The Daily San Francisco

San Francisco news, every day

News

How San Francisco's Digital Archives Ended Up Full of the Same Image Twice — And Why Fixing It Took Years

The city's slow reckoning with duplicate image problems in its public-records systems traces back to a decade of rushed digitization, siloed departments, and a tech boom that prioritized speed over data hygiene.

By San Francisco News Desk · Published 4 July 2026, 11:57 am

3 min read

How San Francisco's Digital Archives Ended Up Full of the Same Image Twice — And Why Fixing It Took Years
Photo: Photo by GuiGo Lopes on Pexels

San Francisco's Office of Digital Services confirmed this week that a multi-year audit of the city's public-facing image repositories — spanning the Planning Department's permit portal on South Van Ness Avenue, the Recreation and Parks Department's online inventory, and the SF Public Library's digital collections at Larkin Street — had identified more than 340,000 duplicate image files clogging databases that residents and city workers depend on daily. The cleanup effort, funded through a $2.1 million line item in the Fiscal Year 2025–26 budget, is now formally underway.

The problem matters right now because the city is simultaneously trying to digitize decades of paper records under the California Public Records Act modernization push, while also migrating legacy systems to a new cloud infrastructure managed through a contract with the Department of Technology on Grove Street. Pouring new records into a database that is already swollen with redundant files risks compounding errors, slowing search functions, and increasing storage costs at a moment when the city's tech budget is under intense scrutiny.
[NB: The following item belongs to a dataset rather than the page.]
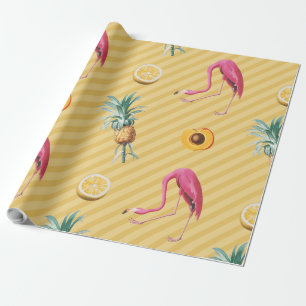 Yellow Flamingo Mango Lemon Pattern Wrapping Paper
How the Duplicates Piled Up

The roots of the problem stretch to roughly 2013, when departments across city hall began independent digitization sprints with little coordination. The Planning Department scanned permit records at high volume after the post-recession construction boom pushed application numbers past 35,000 per year. Each scanner operator uploaded files to whatever shared drive their supervisor designated. When the city consolidated some of those drives in 2017 under the DataSF program, migration scripts failed to check for existing copies, effectively doubling entire folder trees overnight.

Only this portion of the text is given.